**Assignment:**
Search the material below for the word "Black". Copy every line where it is found.

**Data:**
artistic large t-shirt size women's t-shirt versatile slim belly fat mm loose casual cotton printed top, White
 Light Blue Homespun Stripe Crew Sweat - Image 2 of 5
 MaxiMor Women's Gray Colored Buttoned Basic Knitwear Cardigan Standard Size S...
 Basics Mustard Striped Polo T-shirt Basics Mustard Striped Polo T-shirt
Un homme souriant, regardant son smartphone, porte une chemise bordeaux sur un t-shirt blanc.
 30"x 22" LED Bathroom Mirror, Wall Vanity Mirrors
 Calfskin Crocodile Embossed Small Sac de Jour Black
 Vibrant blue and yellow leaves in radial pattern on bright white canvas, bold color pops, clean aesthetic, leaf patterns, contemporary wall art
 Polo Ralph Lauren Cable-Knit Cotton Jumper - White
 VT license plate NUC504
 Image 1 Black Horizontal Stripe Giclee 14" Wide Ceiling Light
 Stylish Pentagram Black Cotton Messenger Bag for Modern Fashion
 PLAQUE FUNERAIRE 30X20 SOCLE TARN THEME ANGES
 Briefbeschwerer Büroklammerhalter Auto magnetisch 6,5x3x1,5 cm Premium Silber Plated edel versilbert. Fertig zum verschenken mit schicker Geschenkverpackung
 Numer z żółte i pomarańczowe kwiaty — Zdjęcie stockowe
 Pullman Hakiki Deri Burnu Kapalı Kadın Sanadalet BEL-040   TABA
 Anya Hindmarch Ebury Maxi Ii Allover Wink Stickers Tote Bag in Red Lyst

**Result of the exercise:**
 Calfskin Crocodile Embossed Small Sac de Jour Black
 Image 1 Black Horizontal Stripe Giclee 14" Wide Ceiling Light
 Stylish Pentagram Black Cotton Messenger Bag for Modern Fashion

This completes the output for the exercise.